Building a concrete path running from the elevators to the mouth of the tunnel forced the construction team to find a way to pump material 2,200 ft. After coordinating with its supplier for a mix that would resist segregating and solidifying while being pushed that far, the team lowered a Pumpcrete trailer pump onto their staging area and worked from the back of the tunnel forward.
While the original contract called for the walkway to end at the tunnel’s mouth, the plans changed once people realized the view could be improved: Not much of the falls was visible to the south, Snow says. Building out a platform would give visitors a broader perspective. Crews extended the concrete walkway into a viewing area supported by the clean rock fill and armor stone, some of which was the material Ontario Power Generation had excavated while digging its own Niagara tunnel a few years earlier. (The electric company, which currently holds Niagara water rights, carved its tunnel so the river could flow into its downstream generating stations. Niagara Parks allowed the company to leave the excavated rock on parkland and then repurposed those boulders for its new viewing area.)

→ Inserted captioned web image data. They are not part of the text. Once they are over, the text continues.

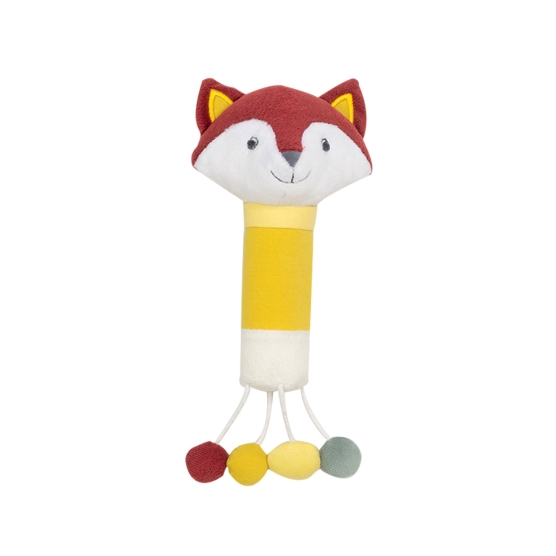 Musical squeaker with Leonard the fox's face
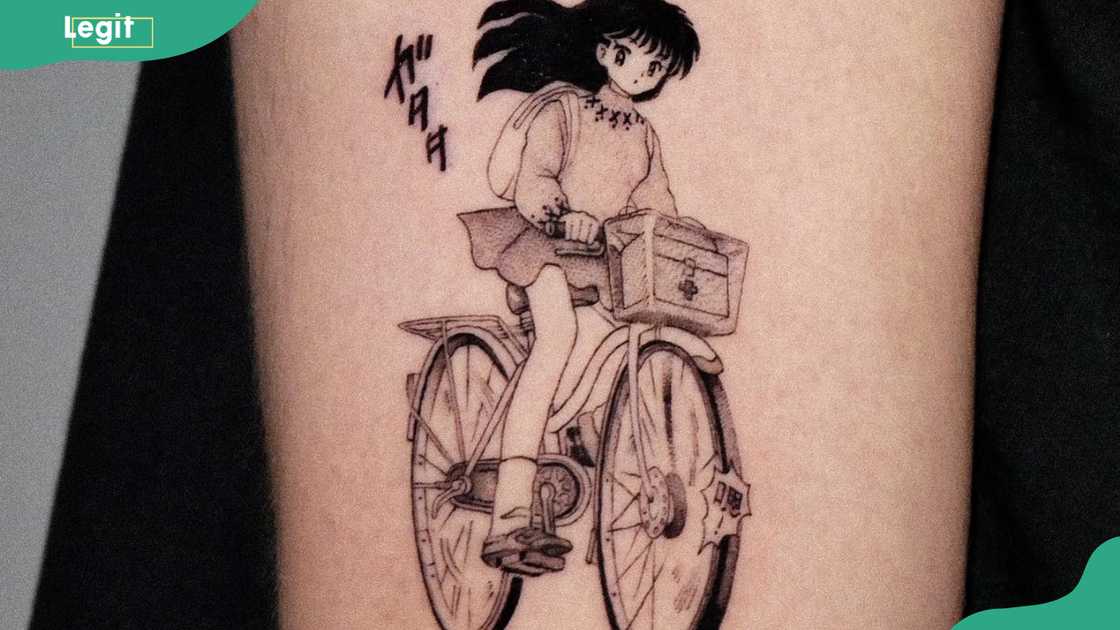 Chihiro's bicycle tattoo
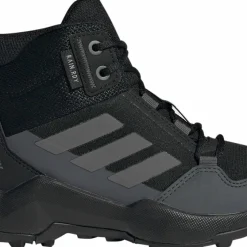 Adidas Kid's Terrex Ax4 Mid RAIN.RDY Hiking Shoes Core Black/Grey Four/Grey Six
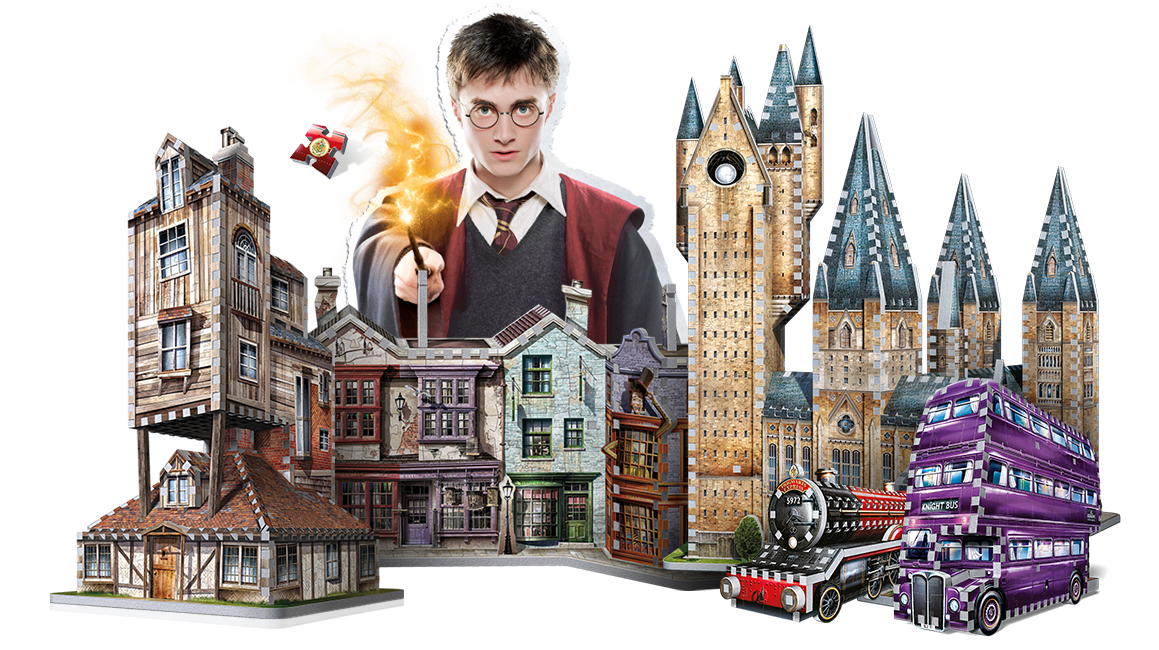 Dijk uitrusting zwemmen Harry Potter: Great Hall - Wrebbit 3D Puzzle (850) - Spelhuis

The moisture and constant water in the tunnel meant some crew members packed three to four changes of clothing each day in an attempt to stay dry — but the end of the project was particularly wet. “When you get out working in front of the tunnel and along the river edge, there's the mist from the falls,” Snow says. “It's like it's constantly raining down there.”
The main station building and the tailrace tunnel are now open to visitors. People learn the nuts and bolts of creating hydropower while walking through the ground-level facility, and the walk down the tailrace tunnel impresses people because of how much labor went into constructing a generator of this size at the turn of the century, Gruosso says. He and his colleagues learned even more about how the generator was put together as they analyzed write-ups, like the Smith report for the Canadian Society of Civil Engineers, and hundreds of photos the engineers and crews took during construction. “Either this was just good practice,” Gruosso says, “or they knew that they were leaving a legacy.”
The tunnel officially opened to visitors in July 2022.